External Force for Affine Body

#666 AffineBodyExternalForce

The Affine Body External Force applies external 12D generalized forces to affine body instances through a constraint mechanism, supporting both translational forces and affine (rotational) forces.

The external force is applied as acceleration:

\[ \mathbf{a}_{ext} = \mathbf{M}^{-1} \mathbf{F}_{ext} \]

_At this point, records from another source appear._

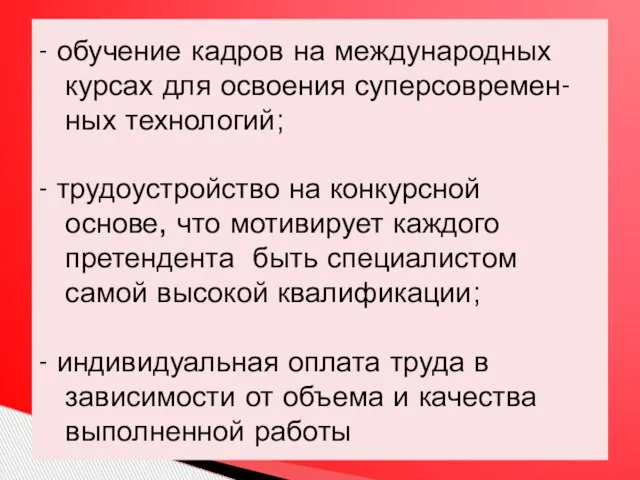 - обучение кадров на международных курсах для освоения суперсовремен- ных технологий; -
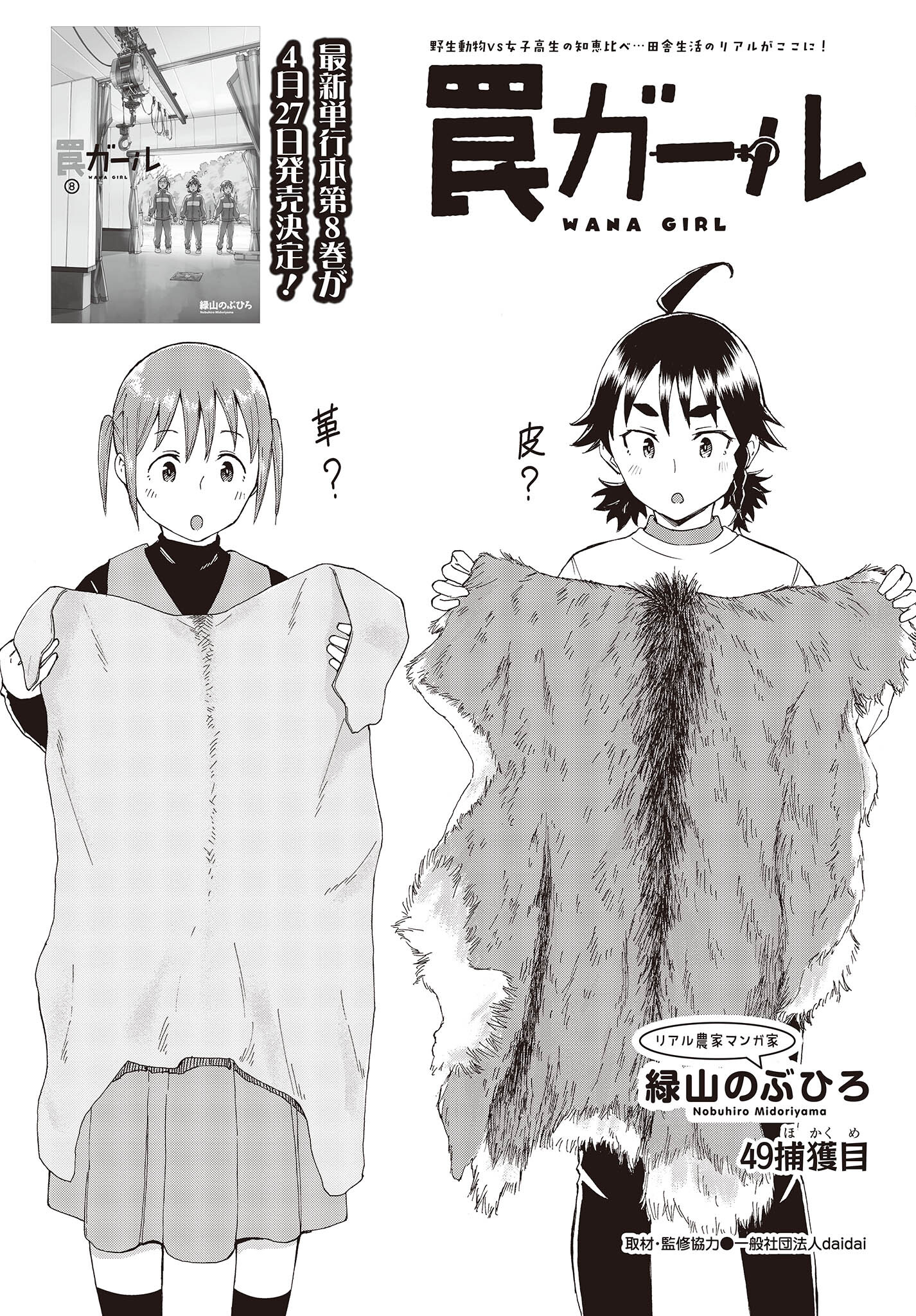 WANA GIRL - raw - Chapter 49 - https://jpdd.ccdd.to/JPDD/24081505/4gsx3pvvqid.jpg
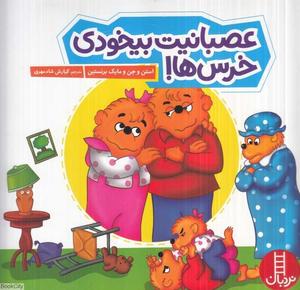 item.website_item_name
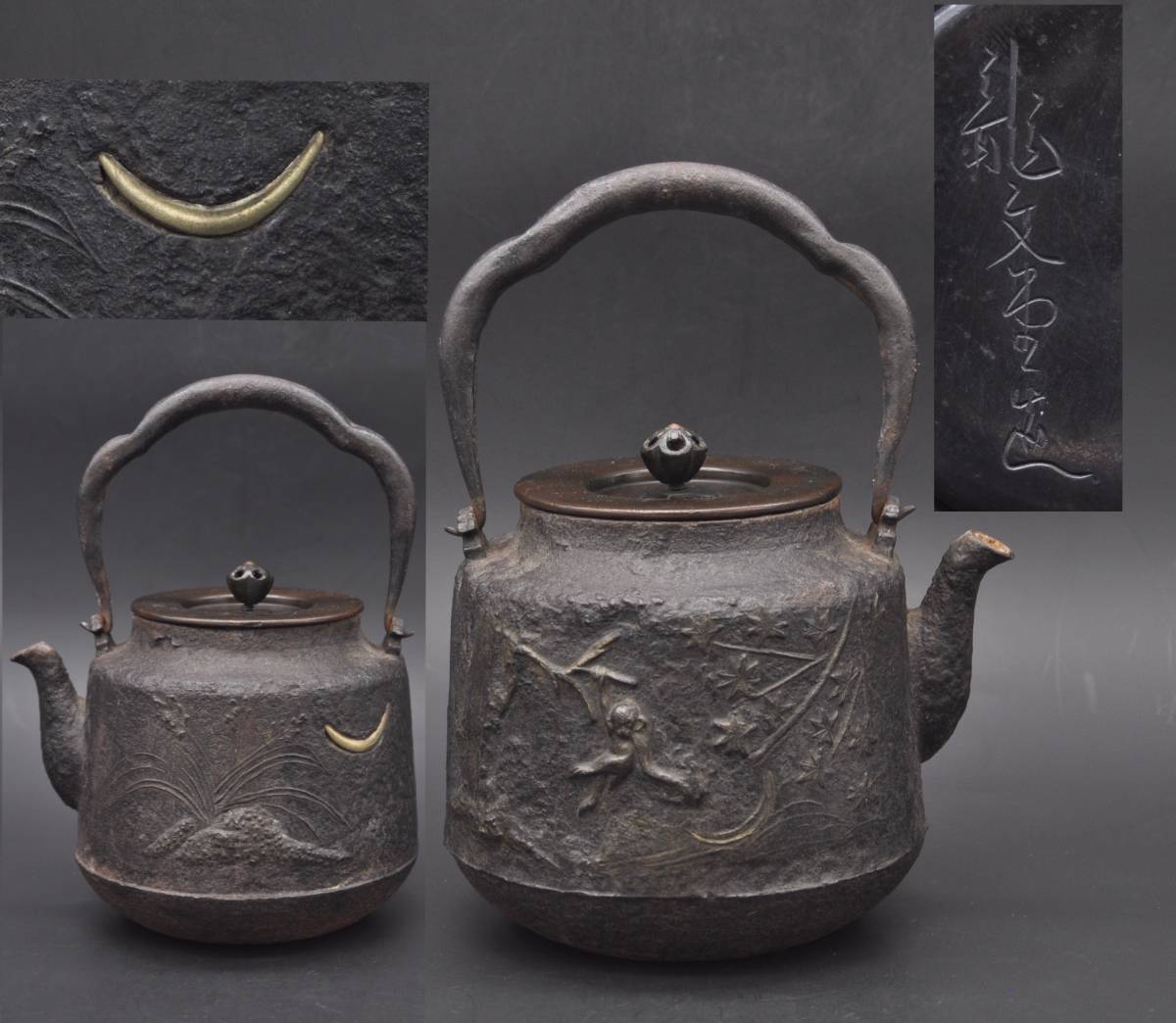 A155 「大明宣徳年製」銘 古銅双耳花瓶 文化遺産オンライン | 中国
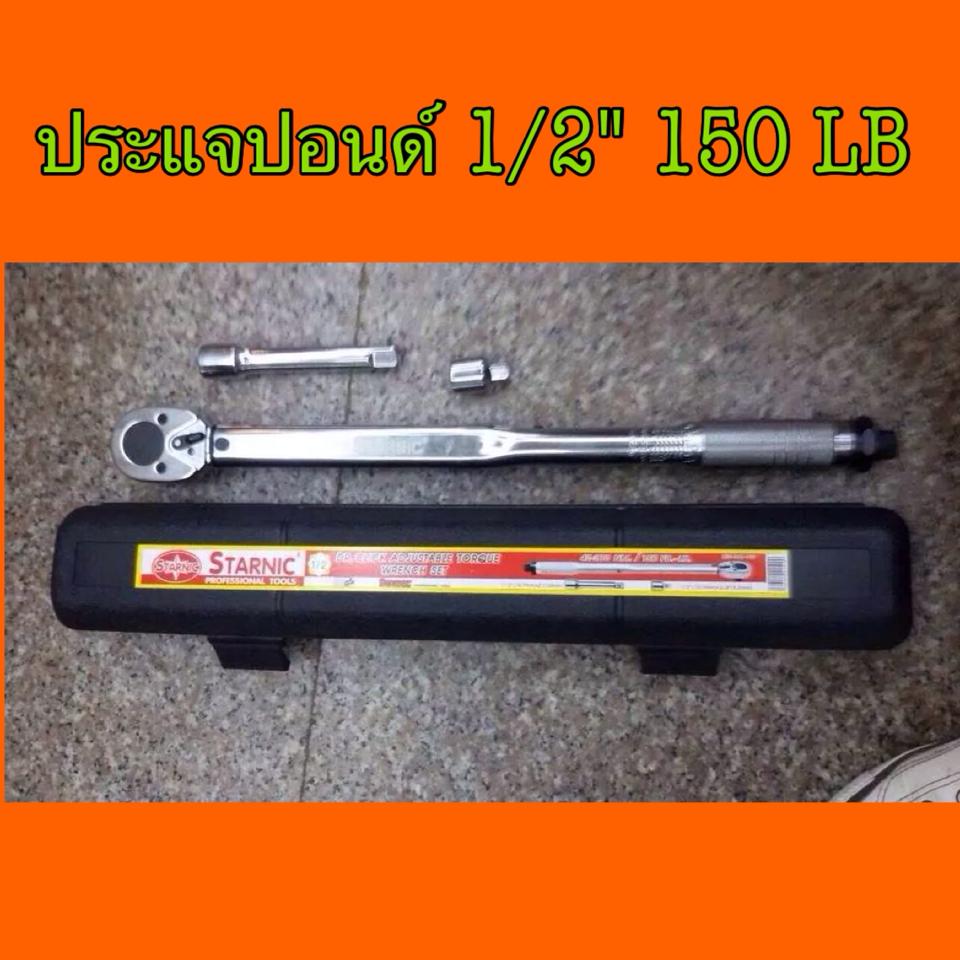 ประแจปอนด์ STARNIC 150 LB Square Dive : 1/2"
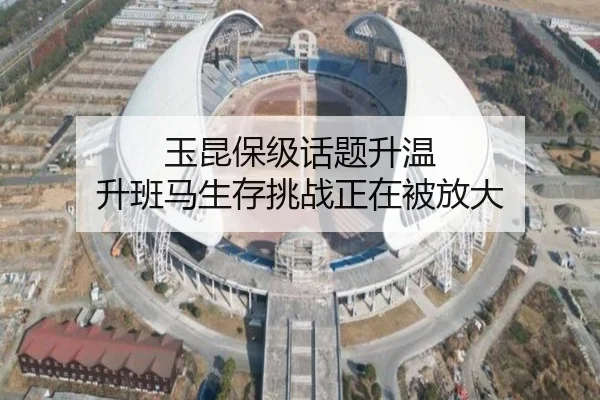 玉昆保级话题升温 升班马生存挑战正在被放大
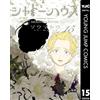 Soumato Shadow House 15 (Tascabile)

where: - \(\mathbf{F}_{ext} \in \mathbb{R}^{12}\) is the generalized force vector - \(\mathbf{M} \in \mathbb{R}^{12 \times 12}\) is the affine body mass matrix - \(\mathbf{a}_{ext} \in \mathbb{R}^{12}\) is the resulting acceleration

The force vector is structured as:

\[ \mathbf{F}_{ext} = \begin{bmatrix} \mathbf{f} \\ \mathbf{f}_a \end{bmatrix} \in \mathbb{R}^{12} \]

where: - \(\mathbf{f} \in \mathbb{R}^3\) is the translational force - \(\mathbf{f}_a \in \mathbb{R}^{9}\) is the affine force (flattened 3x3 matrix)

The energy function for the Affine Body External Force will be incorporated into the Affine Body Kinetic Term as:

\[ E = \frac{1}{2} \left(\mathbf{q} - \tilde{\mathbf{q}}\right)^T \mathbf{M} \left(\mathbf{q} - \tilde{\mathbf{q}}\right) \]

where \(\tilde{\mathbf{q}}\) is updated each time step by the velocity and acceleration, the formula depends on the time integration scheme used.

Typically, when bdf1 (implicit euler) is used:

\[ \tilde{\mathbf{q}} = \mathbf{q}^t + \Delta t \cdot \mathbf{v}^t + \Delta t^2 \cdot (\mathbf{a}_{ext} + \mathbf{g}), \]

where \(\mathbf{q}^t\), is the previous state vector at time \(t\), \(\mathbf{v}^t\) is the previous velocity vector at time \(t\), \(\Delta t\) is the time step size, and \(\mathbf{g}\) is the gravitational acceleration.

Users are allowed to modify the external force \(\mathbf{F}_{ext}\) using the uipc Animator System interface during the simulation.